Those front seats by the way, described as ‘Zero Gravity’ by the manufacturer, have a patented structure designed to provide continuous support from your hips all the way up to your shoulders. This is done to prevent occupants from slumping and thus maintain good blood flow throughout your body, to maximise comfort on long journeys. All I know is, they were very restful, eight way power adjustable and featured both heated and cooling airflow, the latter being much appreciated.

Open up the panoramic moon roof and you’ll notice the 60:40 split rear seats slide, recline, and fold-flat. With the seats upright, rear leg room is I noticed, much improved over the old model yet still there’s almost 900 litres of boot space at the rear, with double that when the rear seats are down, and underfloor storage areas to keep valuables hidden from view. The Luxe and Luxe Essential have power, remote tailgate release, whilst the Sensory and Autograph models have motion activated releases.

That rather clever engine, the technology within which took Nissan / Infiniti over 20 years to perfect and bring to market, is mated to an Xtronic Constantly Variable Transmission (CVT) gearbox...

The Infiniti certainly hits the spot in terms of cocooning the driver in luxury, but equally in safety features, with front, roof and knee airbags installed, Lower Anchors and Tethers for Children (LATCH), ABS with Brake Assist, Traction Control and Tyre Pressure Monitoring System to name but a few, even on the entry level Luxe. The Autobiography comes fully loaded with others features including Forward Collision Warning and Intervention, Around View Monitoring and adaptive, steering headlights. So no lack of aids to cosset and comfort the driver, that’s for sure.

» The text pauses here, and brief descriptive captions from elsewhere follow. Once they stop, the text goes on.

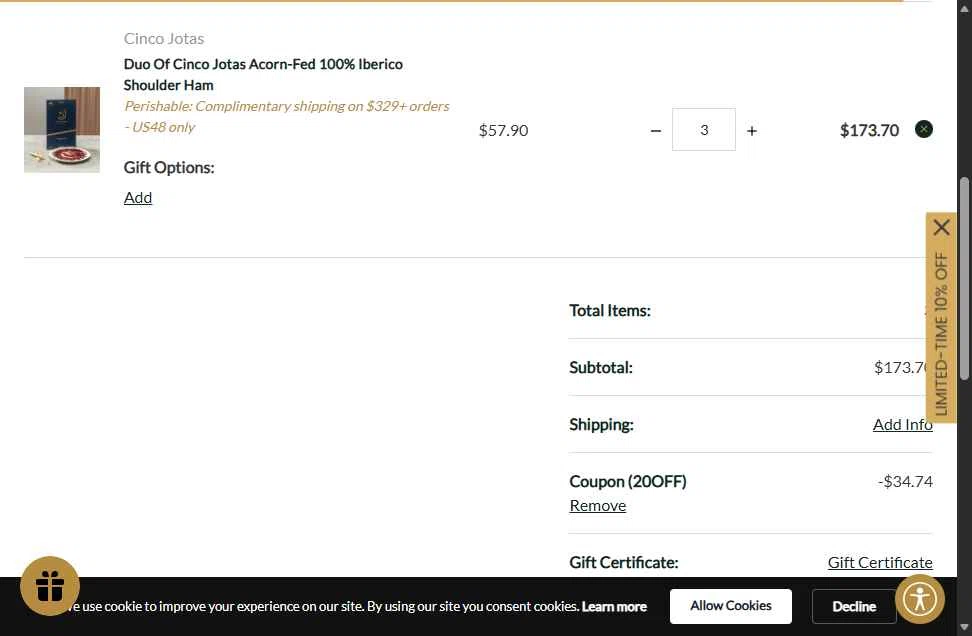 Le Gourmet Central checkout page showing Le Gourmet Central coupon code box | Screenshot taken by SimplyCodes community member on Jan 7, 2026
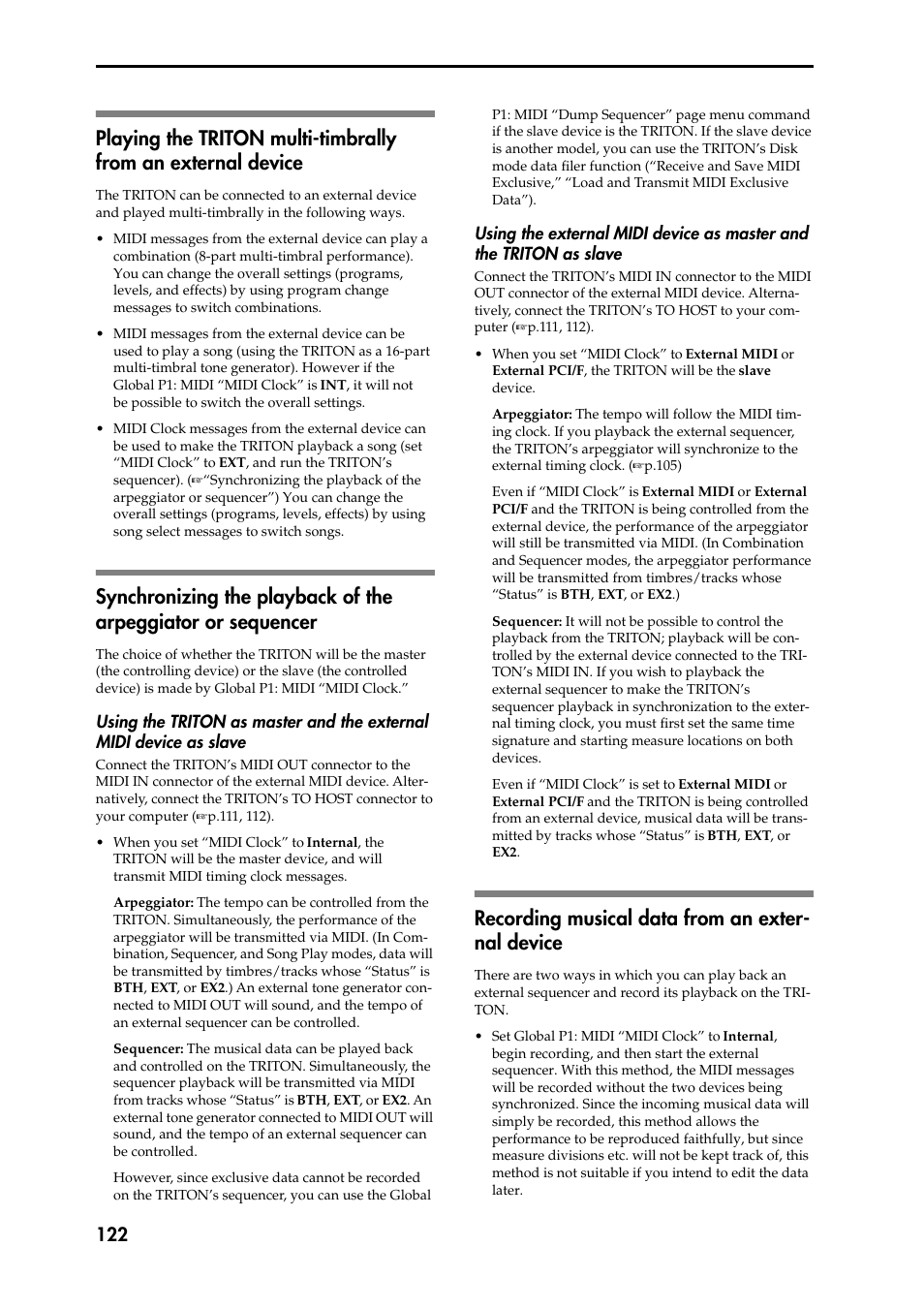 Playing the triton multi-timbrally from an externa, Synchronizing the playback of the arpeggiator or s, Using the triton as master and the external midi d | Using the external midi device as master and the t, Recording musical data from an external device, Playing the triton multi-timbrally from, An external device, Synchronizing the playback of the arpeggiator, Or sequencer, Recording musical data from an external | KORG Speaker System User Manual | Page 126 / 144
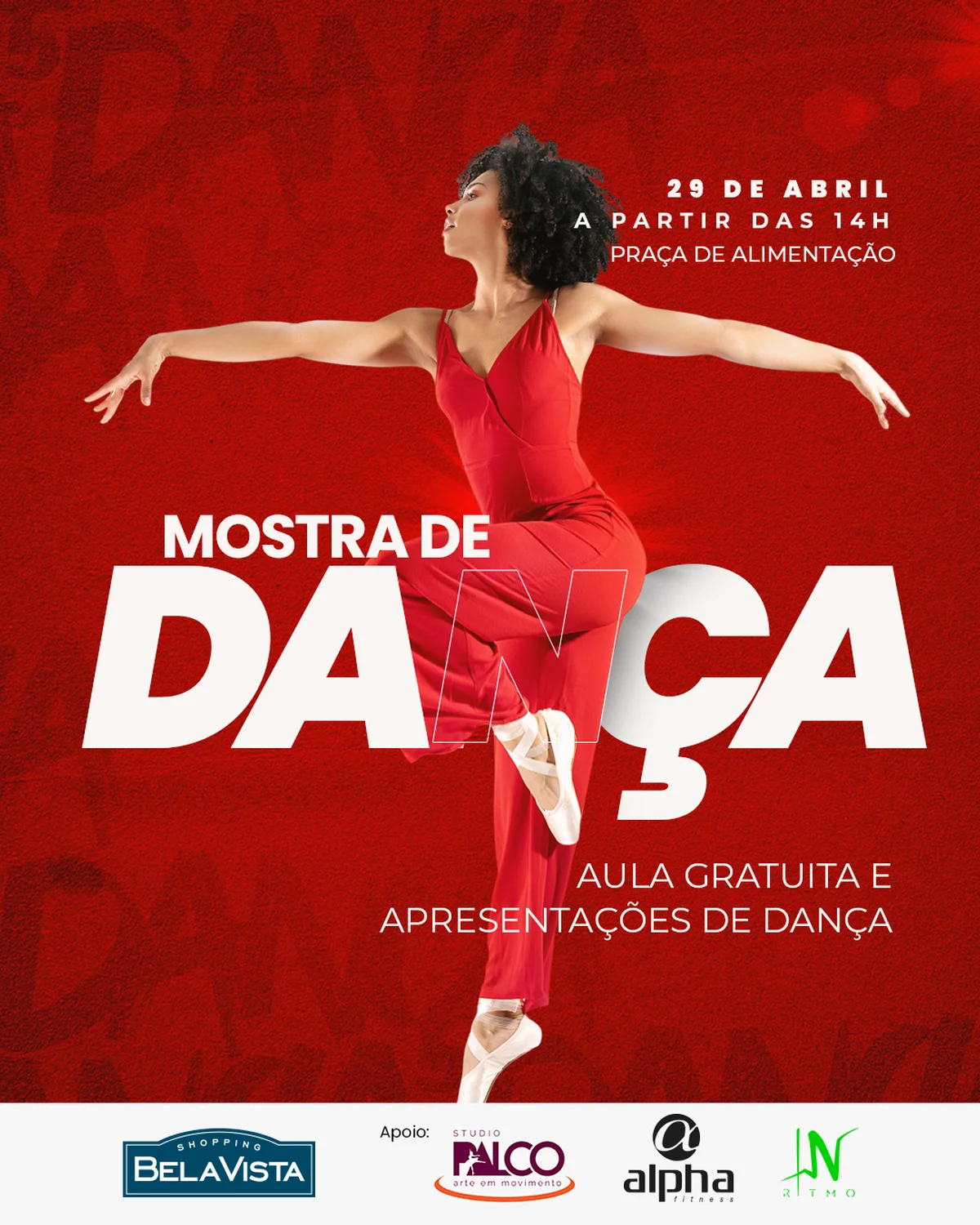 Shopping Bela Vista celebra o Dia da Dança com Mostra e aulão gratuito neste sábado (29)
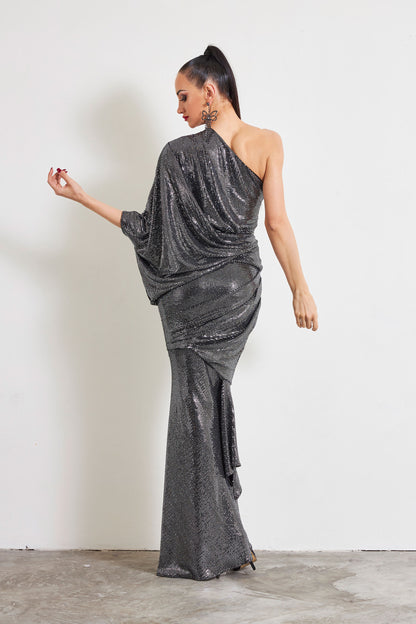 Asymmetric Bat Wing Sleeve Evening Dress
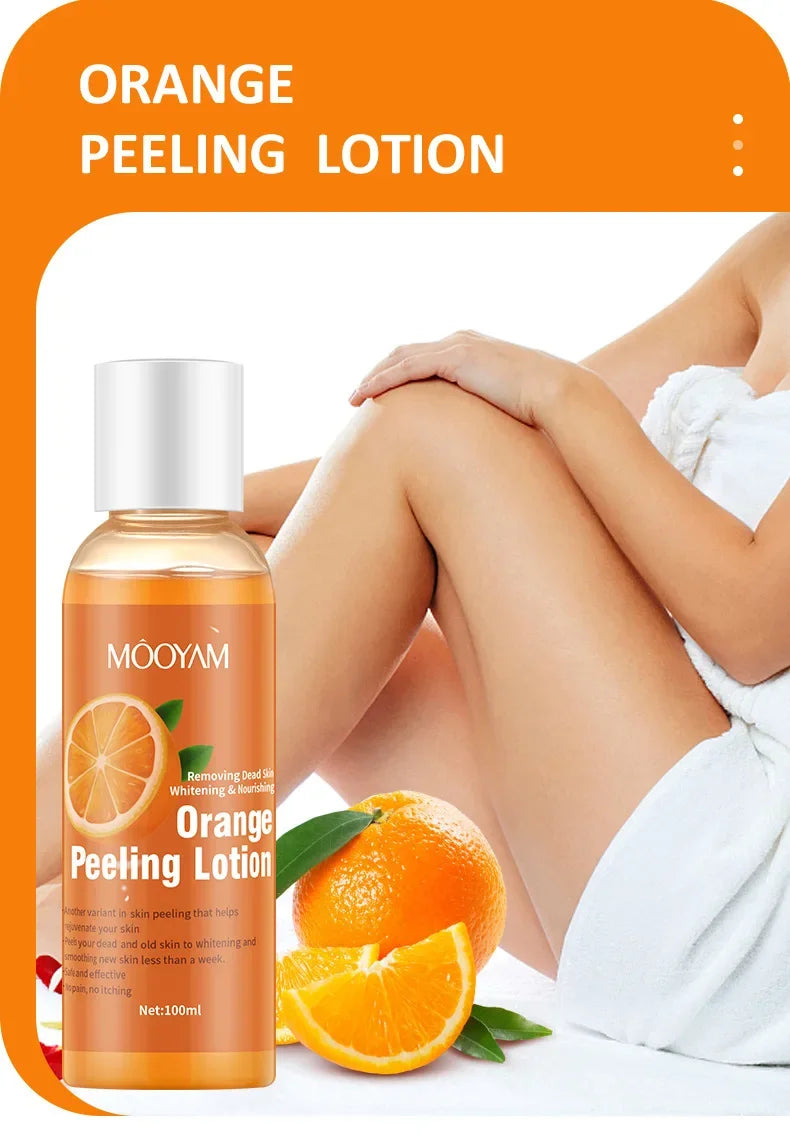 Orange Peeling Lotion for Gentle Body Exfoliation - Natural AHA Formula Scrubs Treatments Tidesmit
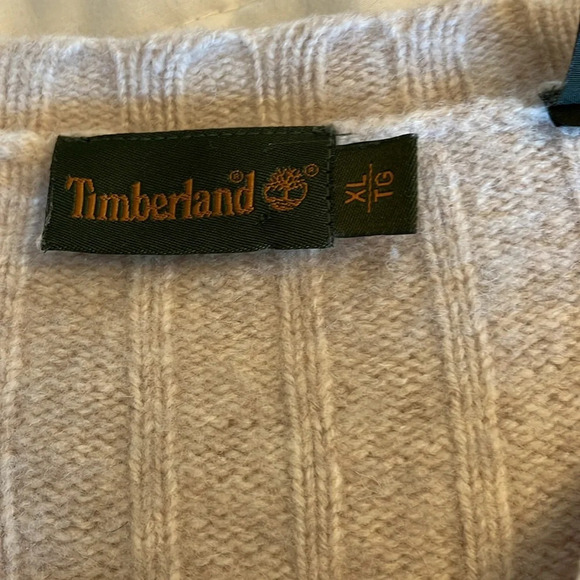 Timberland Women's (Unisex) Lambswool Oversized  V Neck Sweater, Beige Size XL - Picture 5 of 11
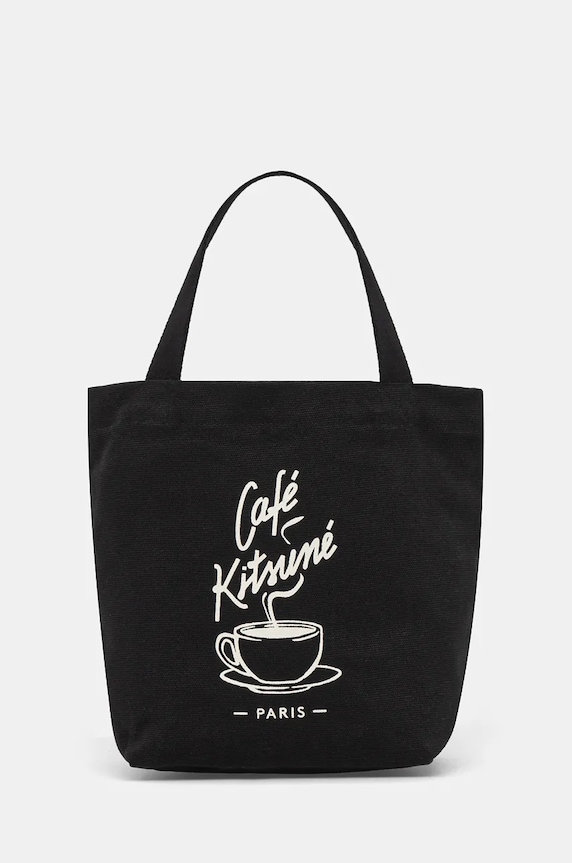 Café Kitsuné cotton bag Coffee Cup Mini Tote casual black CKNU05107WW9001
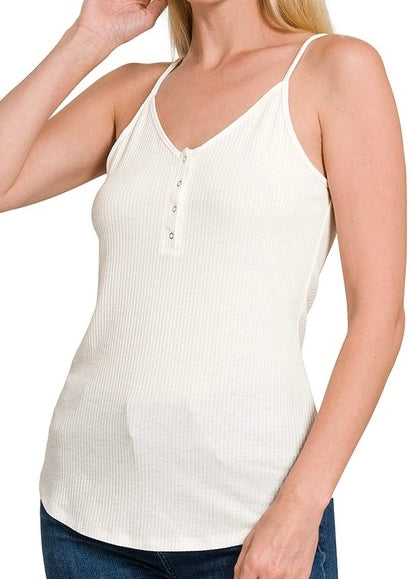 Ribbed Snap Front Tank Top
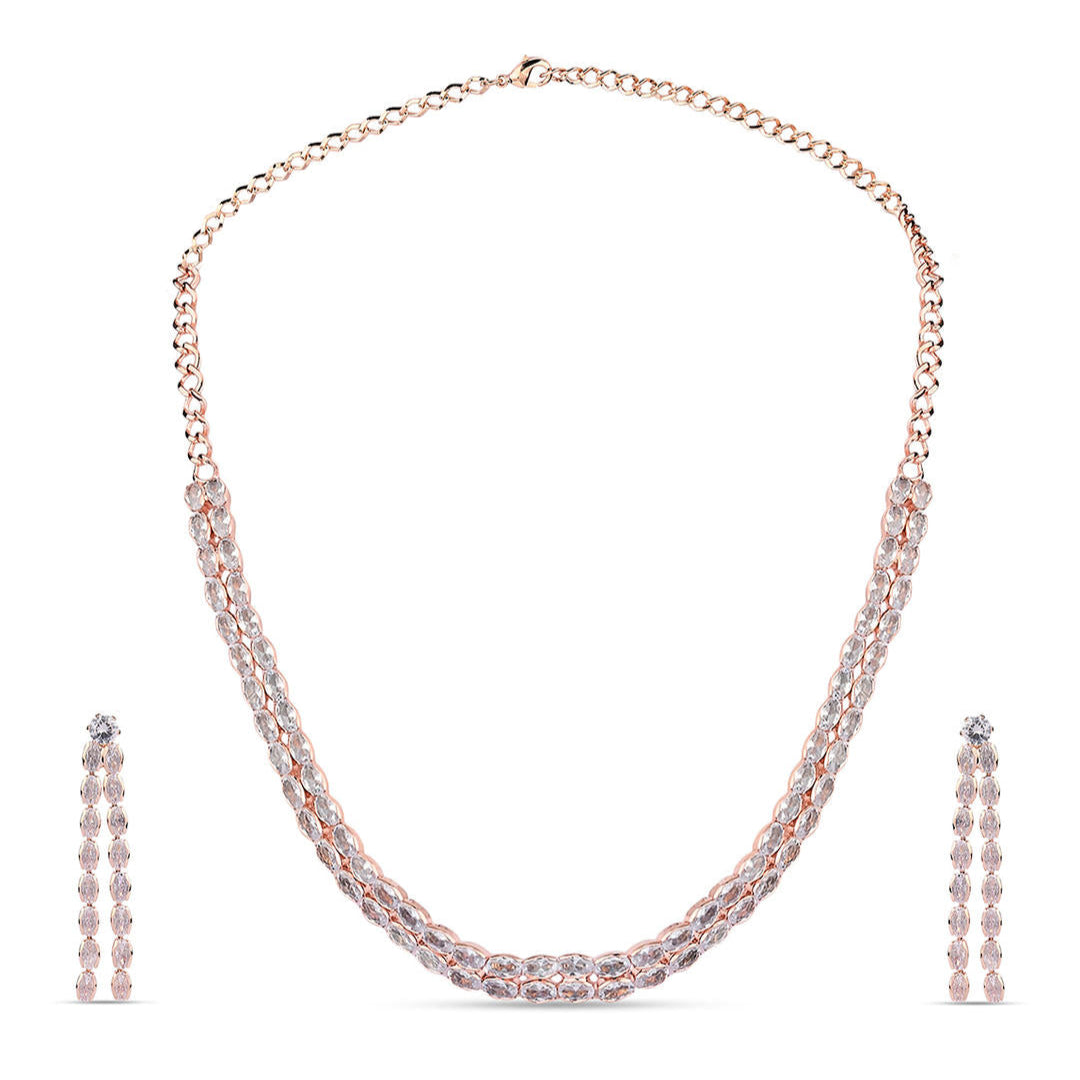 a rose gold plated double layered jewellery set with a necklace and earrings.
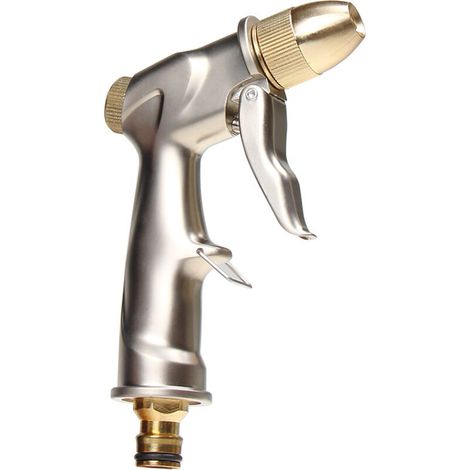 Buse de tuyau d'arrosage, pulvérisateur de tuyau 100 % métallique, pulvérisateur de buse de tuyau d'eau haute pression avec 4 modes réglables pour l'arrosage, le lavage de voiture, le nettoyage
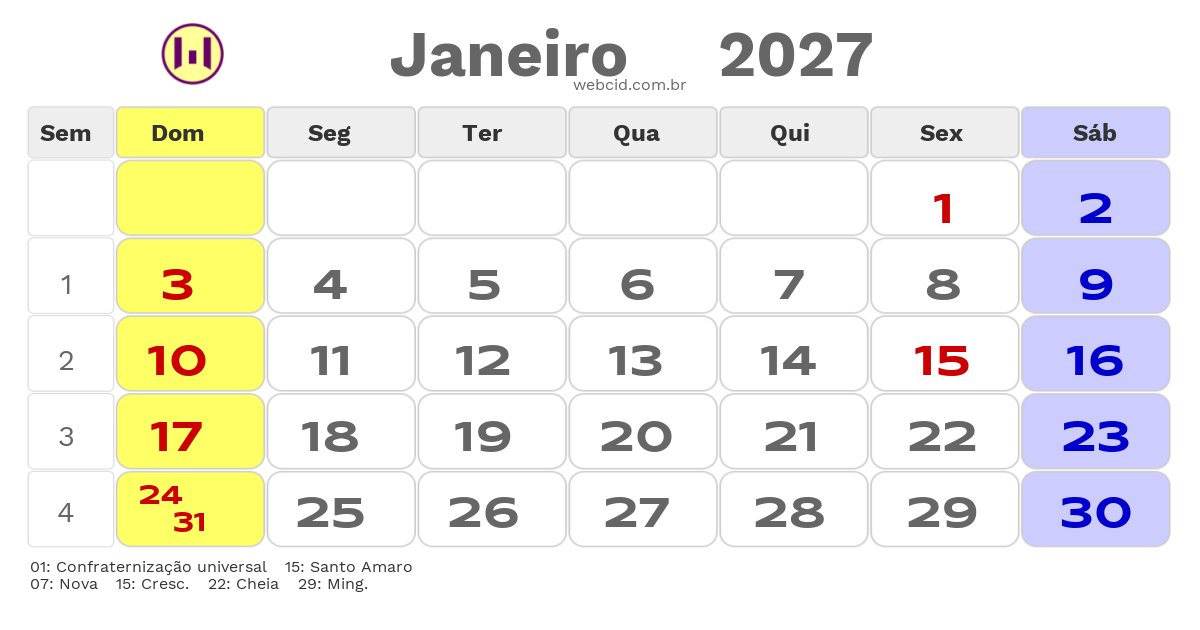 Calendário 2027 - Janeiro - Guarujá-SP com feriados e fases da lua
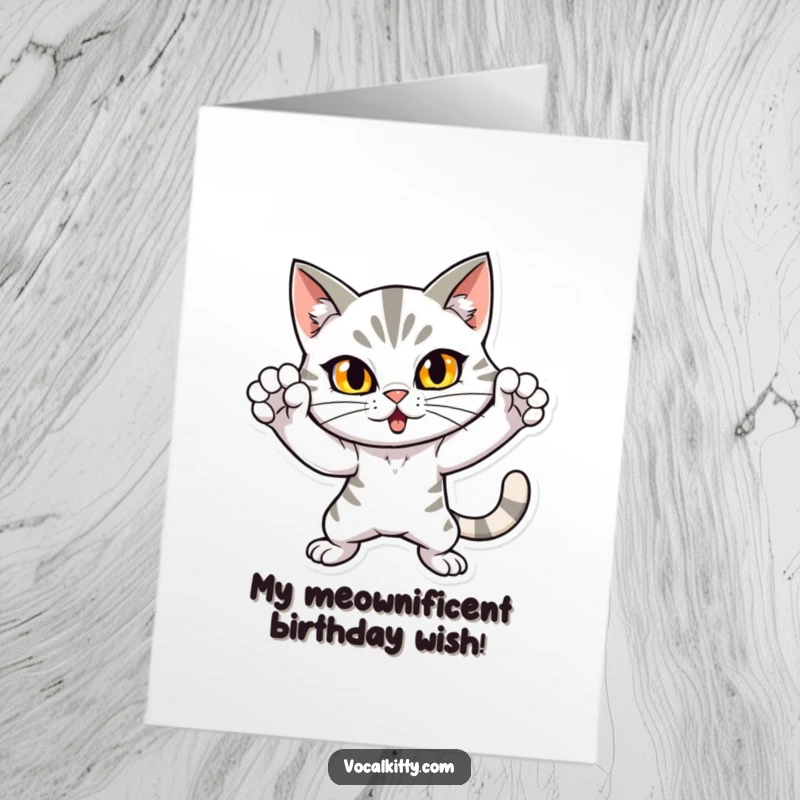 Funny Free Printable Birthday Card: A dramatic cat striking an attention-grabbing pose, ready to belt out a birthday wish loudly.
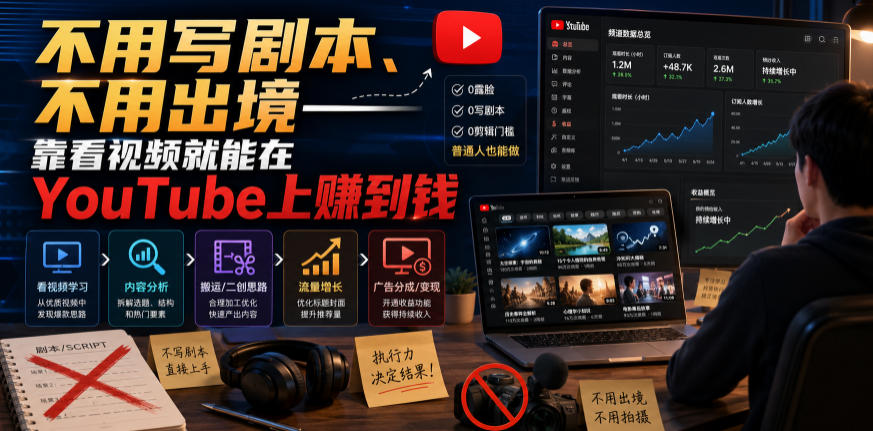 不用写剧本、不用出境——靠看视频就能在YouTube上賺到钱【原创双语字幕】-路路云网创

The mid sized SUV market is a major battle ground in the automotive market, perhaps nowhere more so than in the UAE where fuel efficiency, or lack of it, was rarely a sticking point when it came to vehicle selection. But times they are a changing, belts are being tightened and many buyers are now consciously hoping to reduce their impact on this beautiful planet we call home. If switching from a larger V6, or even V8 engined SUV to a smaller vehicle means spending less money — and less time — at the fuel pumps in future, but not having to compromise on luxury, then the QX50 may well have what it takes to attract a more forward thinking clientele.